I stand by my claim, this country faces a greater threat from bonkers farmers than it does from greenies.

Eating meat could cause a world-changing pandemic ‘that makes COVID-19 look like a dress rehearsal’, scientists warn. With this in mind together with the biodiversity and climate crises it is essential that we have sustainable farming at a national level. If traditional international supply lines or economies fail we will need an efficient and varied food system to meet the nutritional needs of the nation while doing what we can to help others.
Intensive animal farming is not only putting our health at risk but is also extremely inefficient. For example red meat supplies only about 1 percent of calories produced globally but it's responsible for up to a quarter of the world's land-use greenhouse gas emissions. We need to farm smarter, maximising land productivity, feeding local communities and securing national interests but not at the expense of our health and environment.

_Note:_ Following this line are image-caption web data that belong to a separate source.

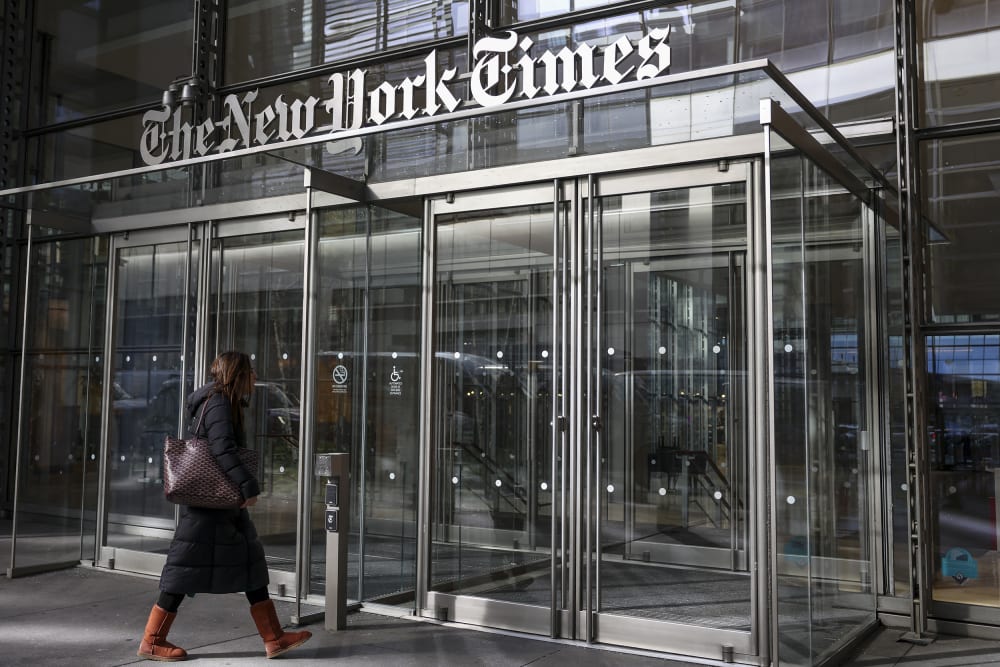 A woman walks into the New York Times building where we can fully see the building sign in the frame.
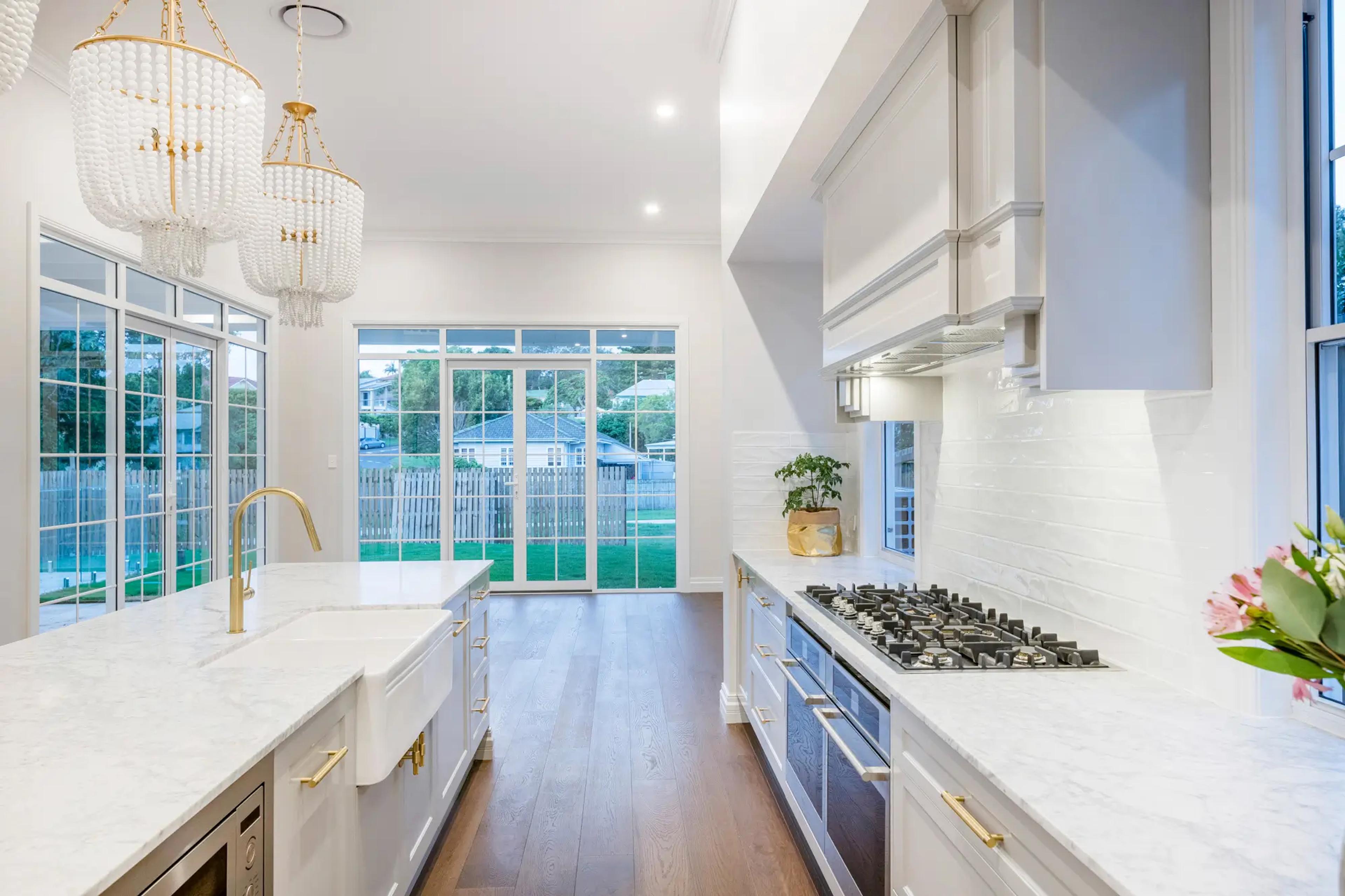 Kitchen with marble benchtops and garden views through windows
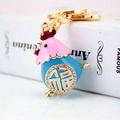 Portachiavi gallina smaltata rosa e blu con ciondolo 福 dorato e strass - Imballaggio Individuale / Blu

As for those non edible trees, well they might just save the world from catastrophic global warming or a complete collapse of the world's ecosystem!

The key to this article and the problems it outlines is contained within the last three paragraphs.
Sustainable and resilient food production is needed
Like it or lump it, we are all in this together, it's a global issue.
Access to food is a right to all.
Watch those with a vested interest (that is, maintaining exorbitant profit levels) whine about the injustice of it all.